▶ _Work instruction_
Restate each line below word for word, skipping every picture.

▶ _Source material_
=== Section Start ===

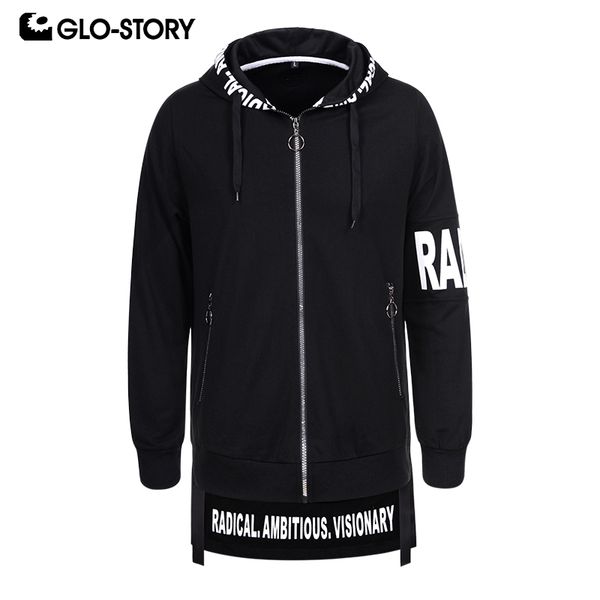 

glo-story 2019 sping men's causal cardigan letter zipper sweatshirts hoodies streetwear jackets for male mpu-8247, Black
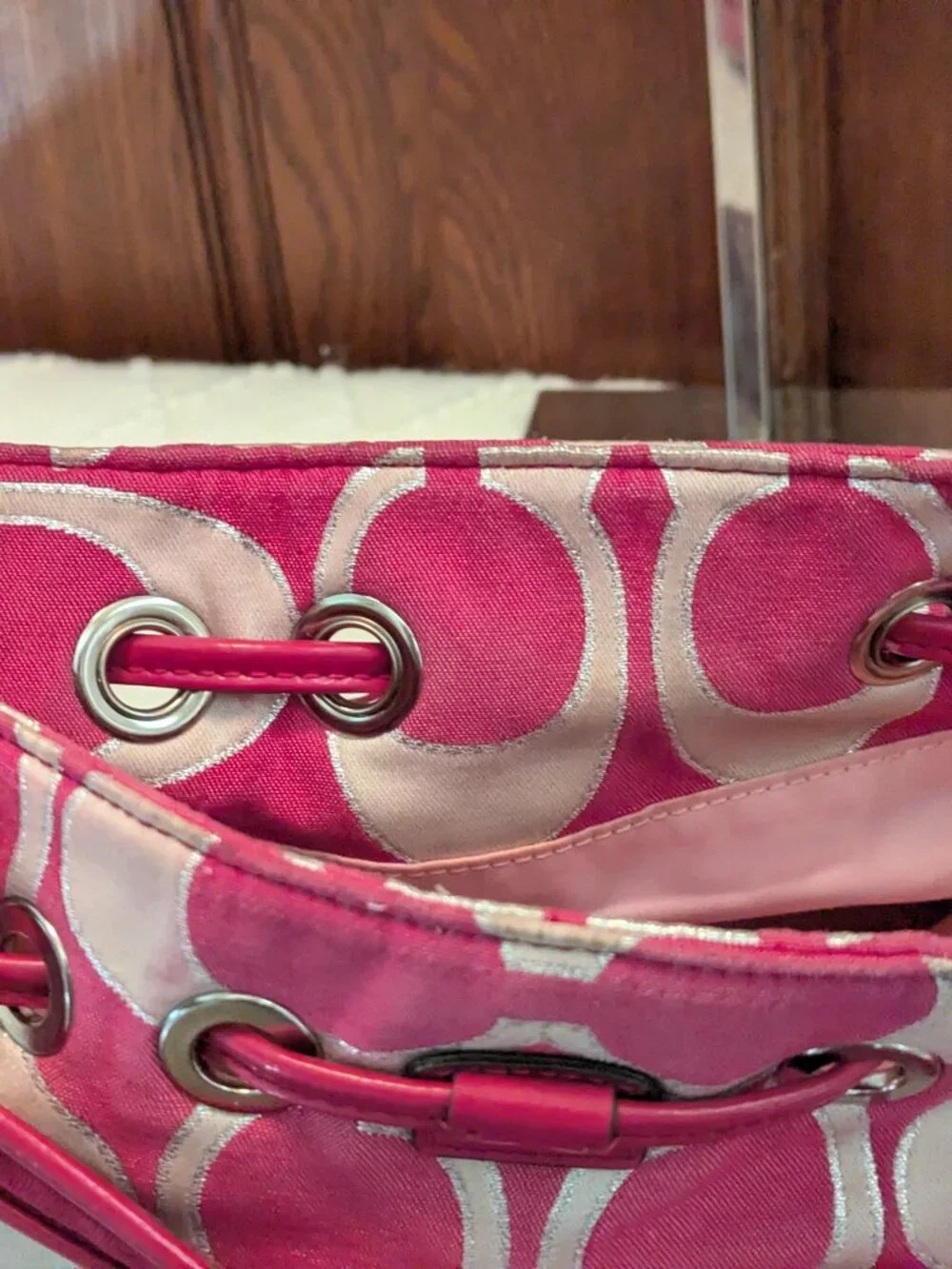 Coach Poppy Bucket Bag Medium Pink, Cream & Silver Good Drawstring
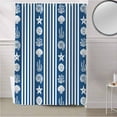 thumbnail image 5 of Fabric Shower Curtain, Summer Starfish Seashell Coral Navy Blue and White Striped Shower Curtains with 12 Hooks Waterproof Machine Washable Bath Curtains for Bathroom, 36 x 78in, 5 of 6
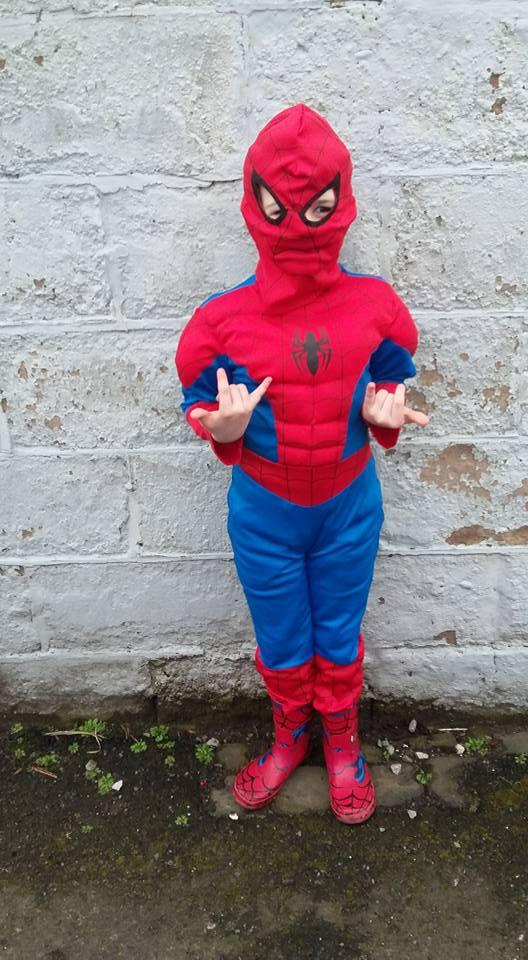 Billy Cook age 6 as Spider-Man from Charles Darwin Primary School.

=== Section End ===

▶ _Your response_
glo-story 2019 sping men's causal cardigan letter zipper sweatshirts hoodies streetwear jackets for male mpu-8247, Black
 Coach Poppy Bucket Bag Medium Pink, Cream & Silver Good Drawstring
 thumbnail image 5 of Fabric Shower Curtain, Summer Starfish Seashell Coral Navy Blue and White Striped Shower Curtains with 12 Hooks Waterproof Machine Washable Bath Curtains for Bathroom, 36 x 78in, 5 of 6
 Billy Cook age 6 as Spider-Man from Charles Darwin Primary School.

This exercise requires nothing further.